### Work instructions
Although the records contain pictures, only their text should be repeated, exactly as it stands.

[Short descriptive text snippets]
▼▼▼

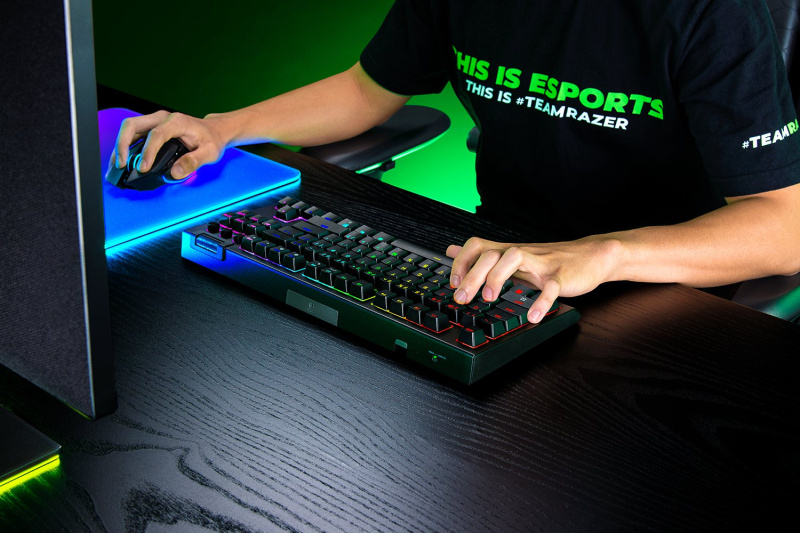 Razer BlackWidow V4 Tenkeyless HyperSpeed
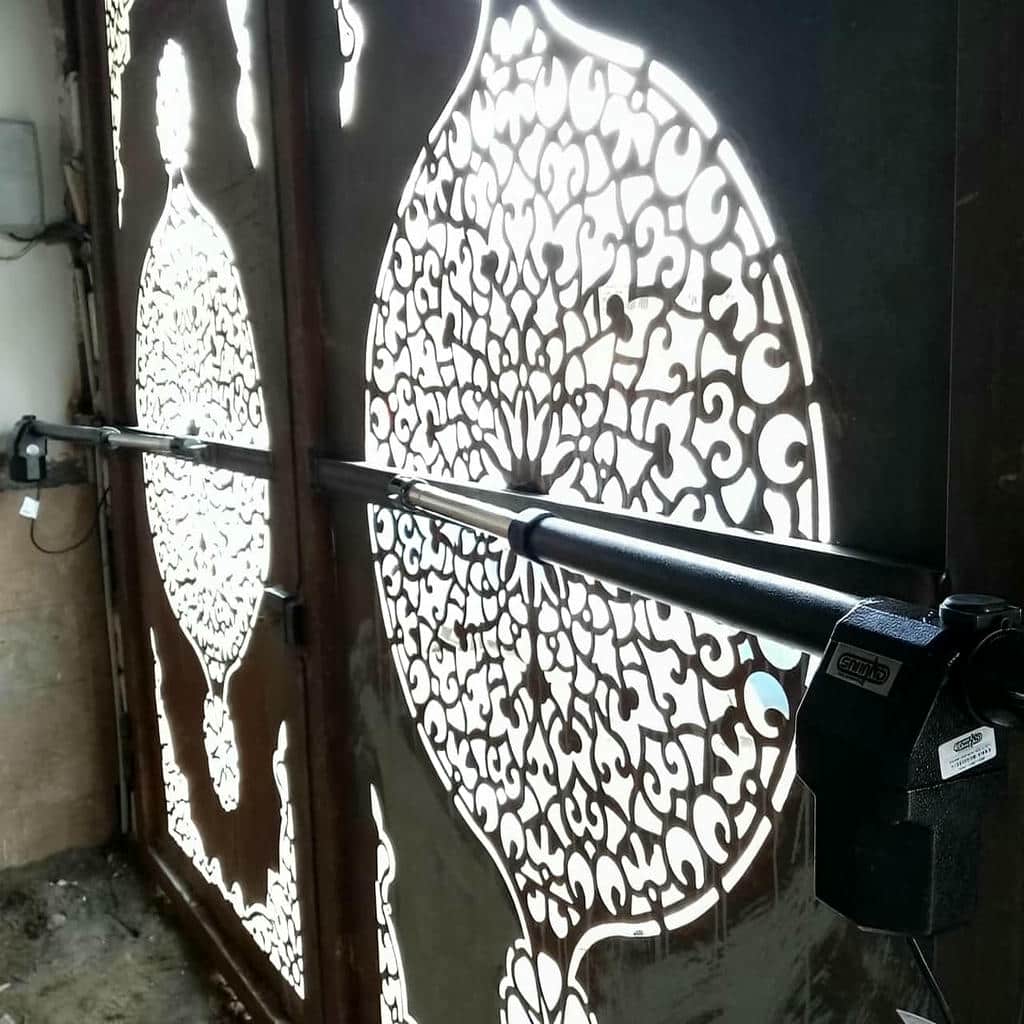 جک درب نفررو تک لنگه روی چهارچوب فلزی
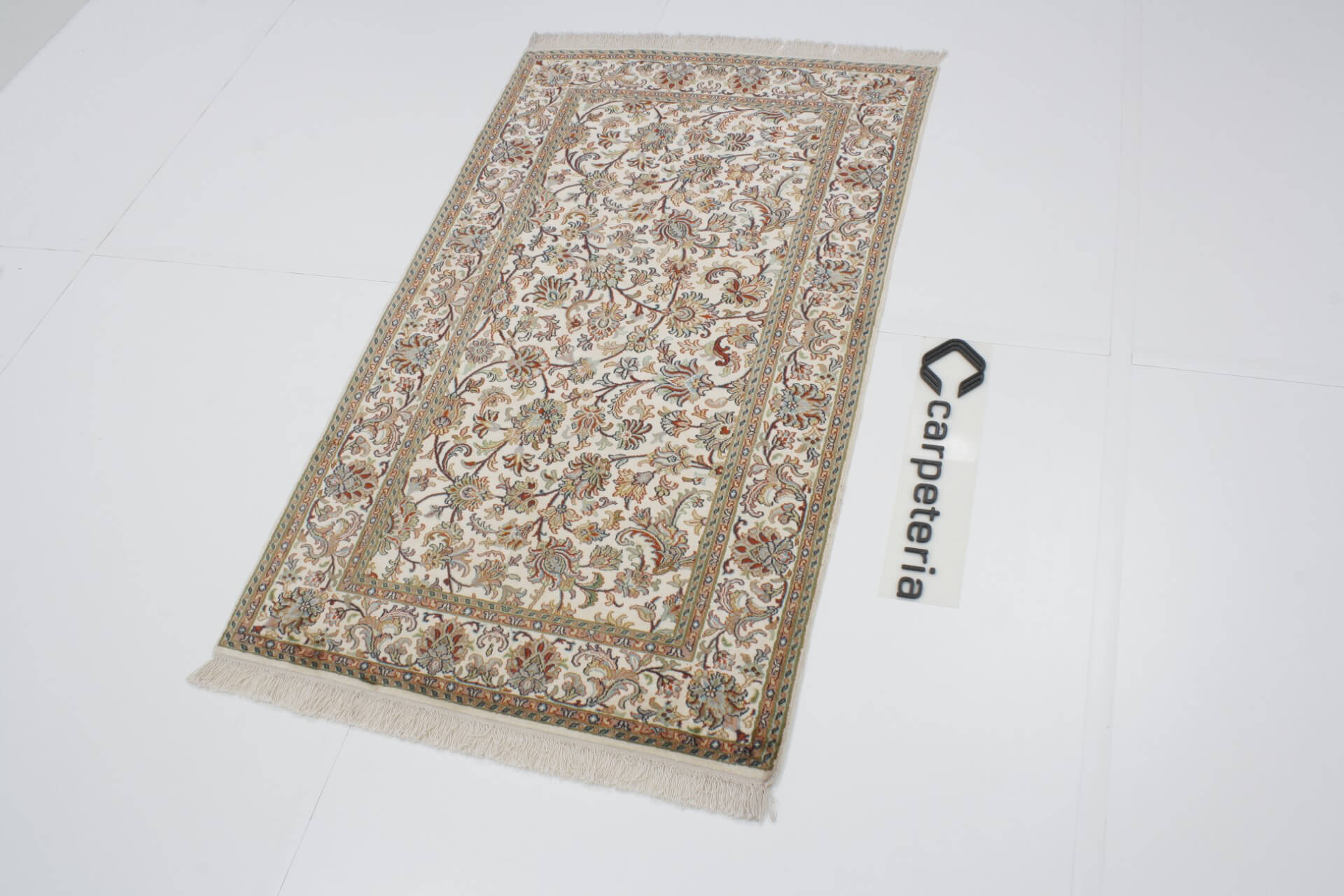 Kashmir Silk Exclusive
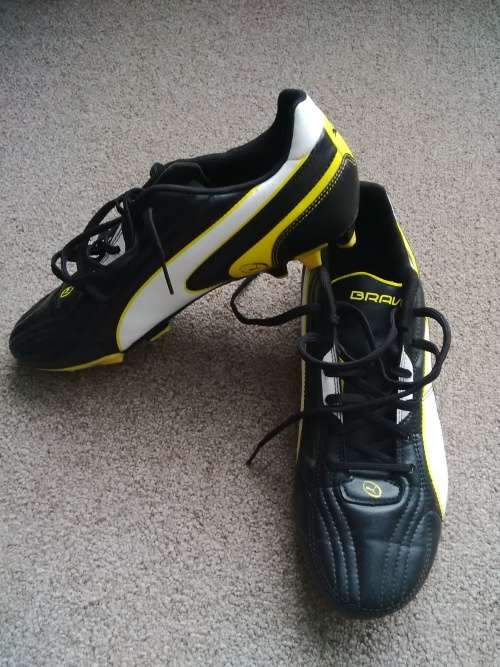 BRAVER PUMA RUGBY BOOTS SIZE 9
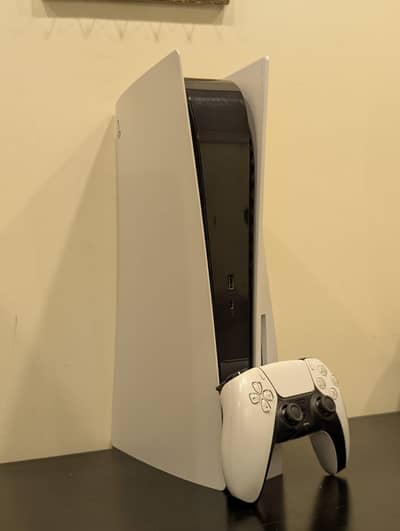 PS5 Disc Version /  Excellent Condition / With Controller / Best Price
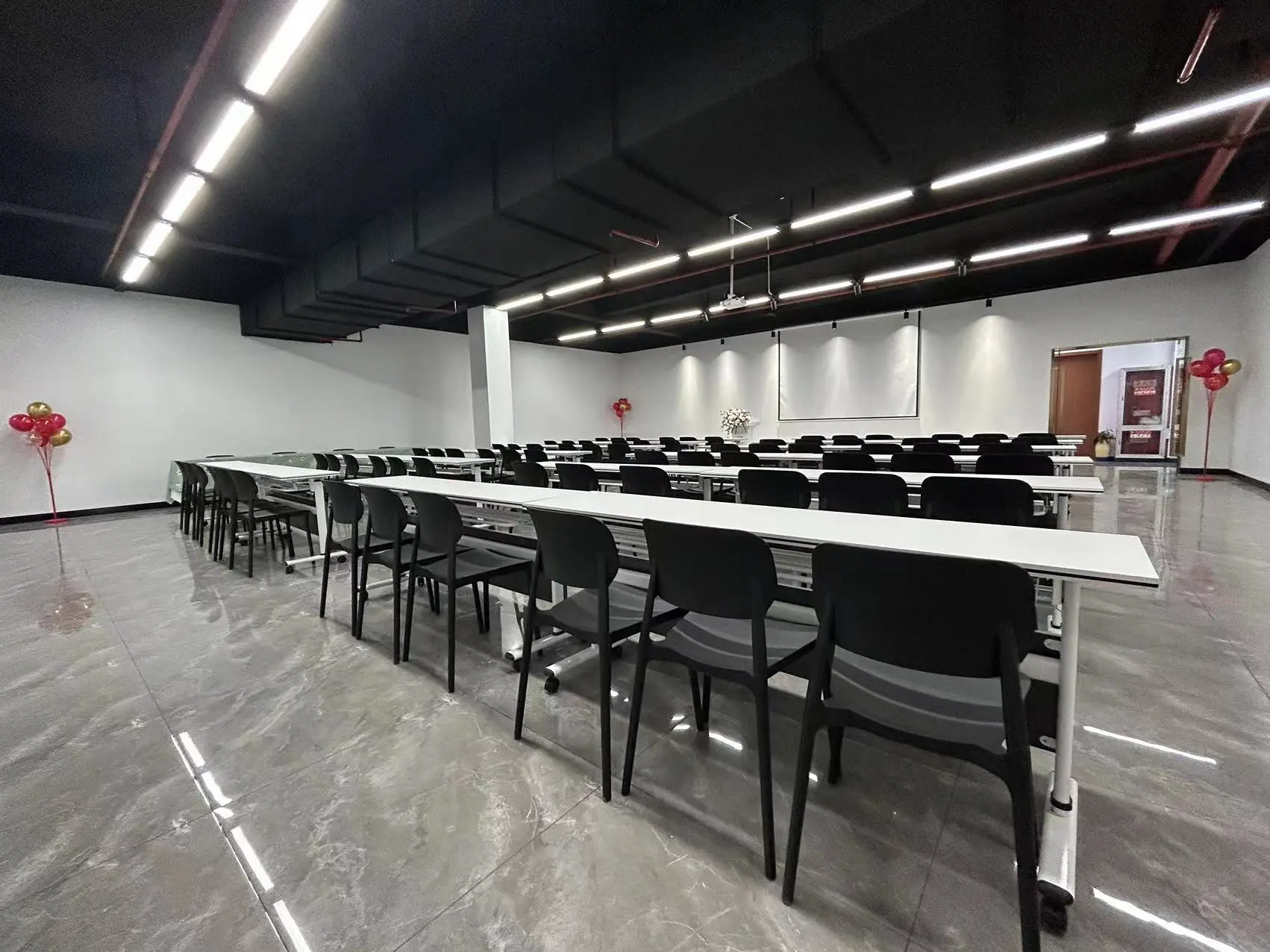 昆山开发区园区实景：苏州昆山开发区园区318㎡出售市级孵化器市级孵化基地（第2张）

▲▲▲

### Exercise response
 Razer BlackWidow V4 Tenkeyless HyperSpeed
 جک درب نفررو تک لنگه روی چهارچوب فلزی
 Kashmir Silk Exclusive
 BRAVER PUMA RUGBY BOOTS SIZE 9
 PS5 Disc Version /  Excellent Condition / With Controller / Best Price
 昆山开发区园区实景：苏州昆山开发区园区318㎡出售市级孵化器市级孵化基地（第2张）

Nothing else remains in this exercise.